Hey @SDN !
My recommendation is to work with three separate workspaces (dev, preprod, prod). While this approach is more complex in terms of infrastructure, it provides better stability and fewer issues in the long run by ensuring clear separation between development and production environments.
Each workspace should have its own dedicated catalog (dev, pre, prod). However, it is recommended to allow read-only access from dev and preprod to the prod environment. This setup enables developers to work with either real production data or non-production data for testing purposes while ensuring that no unintended modifications affect the production environment.
Data Sharing Between Environments
To move data between environments, you can use:
•Deep Clone (DEEP CLONE) → Preserves the Delta table history and metadata.
•CTAS (CREATE TABLE AS SELECT) → Creates a new table but does not retain version history.
Feature Store Management
From what I understand, you want to create a centralized Feature Store (CFS). However, a Feature Store is essentially a set of tables, which you can store in a dedicated schema within the production catalog.
Since Feature Stores are derived from transformed data, they should be built using the Silver/Gold layer of your Medallion architecture. It is also important to decide whether:
1. Features should be extracted directly from Silver/Gold tables, or
2. A separate pipeline should process and store feature data independently.
If a single Feature Store is shared across all environments, ensure that:
•Feature engineering is performed in dev before promoting features to prod.
• Feature Store updates follow a controlled deployment process (CI/CD).
• Read and write permissions are well-defined to prevent dev/preprod from accidentally overwriting production features.
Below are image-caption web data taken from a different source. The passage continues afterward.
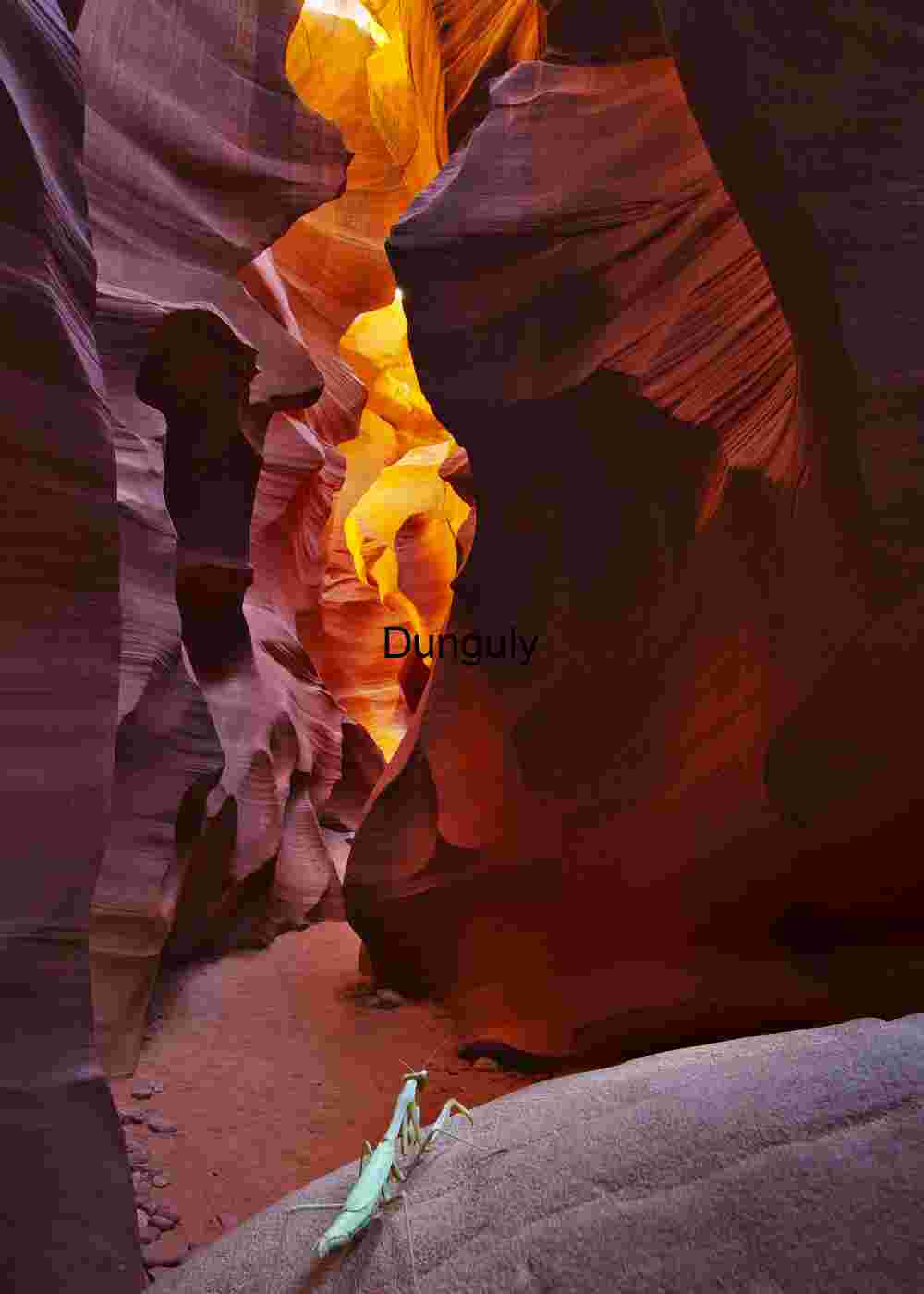 Canyon Dweller, Lower, Antelope Canyon slot canyon photography, sandstone erosion, desert geology, natural rock formations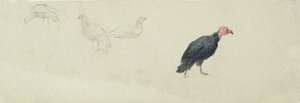 Studies of a Turkey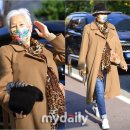 대신모자 이미지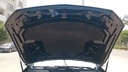 CAR HOOD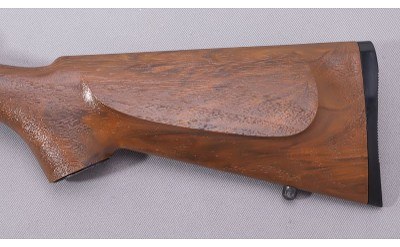Daisy MFG. ~ 2203 ~ 22 LR - Image 9 of 10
ETL Pipeline Considerations
The ETL pipeline that processes data from raw to gold should run in the production workspace to ensure a single source of truth. This setup prevents inconsistencies and duplication of processing logic across environments.
However, development and testing should be done in dev/preprod, and only tested pipelines should be deployed to prod.
Security and Access Control
To enforce controlled access to production data, consider using:
•Unity Catalog for centralized permission management.
•External Locations for secure data sharing.
Hope that helps 🙂